May 10, 2017

Get an education, not the Confederate myth


Confederate monument in Lancaster Court House, Virginia, from Gerald L. Cooper’s book, 
"On Scholarship – From An Empty Room at Princeton.” —Photo by author. 

As I was growing up in a simple house in the tiny town of Lancaster Court House, Virginia, from 1935 to 1950, I could not avoid a daily viewing of the Confederate monument across the road, a veritable landmark beside Virginia route 3. The monument stood tall in the midst of an iron-fenced enclosure, about forty yards west of my home, just across state-designated “Historyland Highway,” which links the Northern Neck’s historic sites — King Carter’s Christ Church, George Washington’s Wakefield and the Lees’ Stratford Hall — to Richmond, Fredericksburg, Alexandria and Washington.

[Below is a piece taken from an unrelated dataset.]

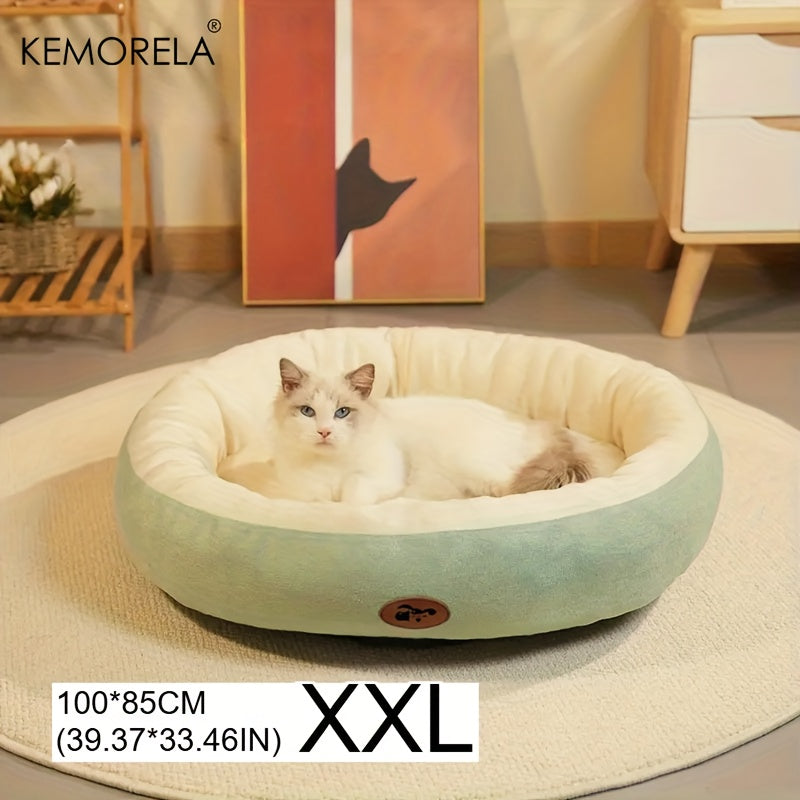 Lit ovale douillet en peluche pour chiens et chats, moelleux et épais, diverses couleurs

In my pre-teen years, I did not spend my time contemplating that marble obelisk, but I knew it was there, looming as a great gray eminence even in bright sunshine. Eventually I gained an understanding of what it stood for, with the help of my schoolteacher mother. She also gave me an idea of what it didn’t represent—at least in our household. She had a friend over in Corrotoman who would genuflect before the monument, and any time she encountered a portrait of Robert E. Lee. (Corrotoman is also a peninsula derived from that river, which was named for the local Native American tribe; “cor-ro-toe'-man.")

“My dad’s from Neola, Iowa,” I used to say, when budding southern patriots at elementary school got me into a corner, defending their Confederate cause. My dad had died by the time I was ten, of a heart attack in 1945, so I had to find new ways to defend myself. That too was an early opportunity to be different.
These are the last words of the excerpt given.